◆ **Your instructions**
Write out the records below once more, exactly as they stand.

** Opening Given entries block **

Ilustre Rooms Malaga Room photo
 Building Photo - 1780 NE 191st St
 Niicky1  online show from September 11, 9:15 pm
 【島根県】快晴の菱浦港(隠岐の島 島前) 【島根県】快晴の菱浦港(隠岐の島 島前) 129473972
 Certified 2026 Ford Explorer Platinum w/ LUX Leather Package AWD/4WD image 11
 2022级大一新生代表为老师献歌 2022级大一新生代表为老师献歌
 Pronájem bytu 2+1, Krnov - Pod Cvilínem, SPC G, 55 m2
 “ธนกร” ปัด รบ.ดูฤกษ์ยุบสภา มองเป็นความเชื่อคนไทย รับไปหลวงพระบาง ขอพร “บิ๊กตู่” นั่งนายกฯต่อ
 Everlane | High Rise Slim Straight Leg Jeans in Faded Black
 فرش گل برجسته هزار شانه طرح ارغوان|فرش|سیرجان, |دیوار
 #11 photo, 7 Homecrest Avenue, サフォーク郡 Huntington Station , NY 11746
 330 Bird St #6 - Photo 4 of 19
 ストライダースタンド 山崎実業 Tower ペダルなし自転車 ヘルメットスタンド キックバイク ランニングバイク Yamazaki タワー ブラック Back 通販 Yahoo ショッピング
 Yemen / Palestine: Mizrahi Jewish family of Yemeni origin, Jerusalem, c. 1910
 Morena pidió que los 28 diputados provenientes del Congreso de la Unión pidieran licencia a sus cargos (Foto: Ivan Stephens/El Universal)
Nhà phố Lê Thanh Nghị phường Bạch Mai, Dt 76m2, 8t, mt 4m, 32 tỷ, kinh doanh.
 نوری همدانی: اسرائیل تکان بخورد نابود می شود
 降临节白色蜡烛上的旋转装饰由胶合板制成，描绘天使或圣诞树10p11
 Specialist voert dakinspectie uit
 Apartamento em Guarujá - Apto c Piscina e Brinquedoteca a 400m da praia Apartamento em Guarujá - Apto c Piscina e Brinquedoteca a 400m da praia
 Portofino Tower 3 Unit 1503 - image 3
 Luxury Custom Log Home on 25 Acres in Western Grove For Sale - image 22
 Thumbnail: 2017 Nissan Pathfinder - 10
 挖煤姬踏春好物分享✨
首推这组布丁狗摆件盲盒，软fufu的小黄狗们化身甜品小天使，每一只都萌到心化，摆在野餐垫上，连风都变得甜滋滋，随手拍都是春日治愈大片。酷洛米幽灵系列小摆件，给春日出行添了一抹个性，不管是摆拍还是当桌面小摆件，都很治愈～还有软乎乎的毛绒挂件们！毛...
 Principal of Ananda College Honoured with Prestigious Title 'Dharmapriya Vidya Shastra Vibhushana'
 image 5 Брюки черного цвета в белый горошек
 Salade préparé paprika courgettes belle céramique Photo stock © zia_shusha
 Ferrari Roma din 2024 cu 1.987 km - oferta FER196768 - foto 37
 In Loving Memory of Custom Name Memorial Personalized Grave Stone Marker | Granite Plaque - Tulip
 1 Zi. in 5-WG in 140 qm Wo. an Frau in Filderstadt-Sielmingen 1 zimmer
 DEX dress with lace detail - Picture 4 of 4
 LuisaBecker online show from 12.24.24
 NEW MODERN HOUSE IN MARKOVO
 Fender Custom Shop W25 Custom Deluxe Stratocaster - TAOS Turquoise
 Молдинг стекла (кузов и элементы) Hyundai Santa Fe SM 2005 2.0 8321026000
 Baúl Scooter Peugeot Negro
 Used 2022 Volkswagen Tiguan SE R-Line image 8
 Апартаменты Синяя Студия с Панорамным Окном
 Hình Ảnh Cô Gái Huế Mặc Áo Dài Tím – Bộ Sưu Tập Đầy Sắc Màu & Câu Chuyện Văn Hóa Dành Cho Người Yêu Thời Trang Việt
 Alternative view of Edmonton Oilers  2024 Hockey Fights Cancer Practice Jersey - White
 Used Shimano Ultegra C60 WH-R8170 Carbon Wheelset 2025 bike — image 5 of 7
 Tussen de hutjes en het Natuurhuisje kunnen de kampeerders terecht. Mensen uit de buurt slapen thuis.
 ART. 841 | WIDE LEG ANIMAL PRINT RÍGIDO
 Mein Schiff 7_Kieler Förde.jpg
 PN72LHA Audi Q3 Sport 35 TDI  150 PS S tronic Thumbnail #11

** Closing Given entries block **

◆ **Answer to the problem**
Ilustre Rooms Malaga Room photo
 Building Photo - 1780 NE 191st St
 Niicky1  online show from September 11, 9:15 pm
 【島根県】快晴の菱浦港(隠岐の島 島前) 【島根県】快晴の菱浦港(隠岐の島 島前) 129473972
 Certified 2026 Ford Explorer Platinum w/ LUX Leather Package AWD/4WD image 11
 2022级大一新生代表为老师献歌 2022级大一新生代表为老师献歌
 Pronájem bytu 2+1, Krnov - Pod Cvilínem, SPC G, 55 m2
 “ธนกร” ปัด รบ.ดูฤกษ์ยุบสภา มองเป็นความเชื่อคนไทย รับไปหลวงพระบาง ขอพร “บิ๊กตู่” นั่งนายกฯต่อ
 Everlane | High Rise Slim Straight Leg Jeans in Faded Black
 فرش گل برجسته هزار شانه طرح ارغوان|فرش|سیرجان, |دیوار
 #11 photo, 7 Homecrest Avenue, サフォーク郡 Huntington Station , NY 11746
 330 Bird St #6 - Photo 4 of 19
 ストライダースタンド 山崎実業 Tower ペダルなし自転車 ヘルメットスタンド キックバイク ランニングバイク Yamazaki タワー ブラック Back 通販 Yahoo ショッピング
 Yemen / Palestine: Mizrahi Jewish family of Yemeni origin, Jerusalem, c. 1910
 Morena pidió que los 28 diputados provenientes del Congreso de la Unión pidieran licencia a sus cargos (Foto: Ivan Stephens/El Universal)
Nhà phố Lê Thanh Nghị phường Bạch Mai, Dt 76m2, 8t, mt 4m, 32 tỷ, kinh doanh.
 نوری همدانی: اسرائیل تکان بخورد نابود می شود
 降临节白色蜡烛上的旋转装饰由胶合板制成，描绘天使或圣诞树10p11
 Specialist voert dakinspectie uit
 Apartamento em Guarujá - Apto c Piscina e Brinquedoteca a 400m da praia Apartamento em Guarujá - Apto c Piscina e Brinquedoteca a 400m da praia
 Portofino Tower 3 Unit 1503 - image 3
 Luxury Custom Log Home on 25 Acres in Western Grove For Sale - image 22
 Thumbnail: 2017 Nissan Pathfinder - 10
 挖煤姬踏春好物分享✨
首推这组布丁狗摆件盲盒，软fufu的小黄狗们化身甜品小天使，每一只都萌到心化，摆在野餐垫上，连风都变得甜滋滋，随手拍都是春日治愈大片。酷洛米幽灵系列小摆件，给春日出行添了一抹个性，不管是摆拍还是当桌面小摆件，都很治愈～还有软乎乎的毛绒挂件们！毛...
 Principal of Ananda College Honoured with Prestigious Title 'Dharmapriya Vidya Shastra Vibhushana'
 image 5 Брюки черного цвета в белый горошек
 Salade préparé paprika courgettes belle céramique Photo stock © zia_shusha
 Ferrari Roma din 2024 cu 1.987 km - oferta FER196768 - foto 37
 In Loving Memory of Custom Name Memorial Personalized Grave Stone Marker | Granite Plaque - Tulip
 1 Zi. in 5-WG in 140 qm Wo. an Frau in Filderstadt-Sielmingen 1 zimmer
 DEX dress with lace detail - Picture 4 of 4
 LuisaBecker online show from 12.24.24
 NEW MODERN HOUSE IN MARKOVO
 Fender Custom Shop W25 Custom Deluxe Stratocaster - TAOS Turquoise
 Молдинг стекла (кузов и элементы) Hyundai Santa Fe SM 2005 2.0 8321026000
 Baúl Scooter Peugeot Negro
 Used 2022 Volkswagen Tiguan SE R-Line image 8
 Апартаменты Синяя Студия с Панорамным Окном
 Hình Ảnh Cô Gái Huế Mặc Áo Dài Tím – Bộ Sưu Tập Đầy Sắc Màu & Câu Chuyện Văn Hóa Dành Cho Người Yêu Thời Trang Việt
 Alternative view of Edmonton Oilers  2024 Hockey Fights Cancer Practice Jersey - White
 Used Shimano Ultegra C60 WH-R8170 Carbon Wheelset 2025 bike — image 5 of 7
 Tussen de hutjes en het Natuurhuisje kunnen de kampeerders terecht. Mensen uit de buurt slapen thuis.
 ART. 841 | WIDE LEG ANIMAL PRINT RÍGIDO
 Mein Schiff 7_Kieler Förde.jpg
 PN72LHA Audi Q3 Sport 35 TDI  150 PS S tronic Thumbnail #11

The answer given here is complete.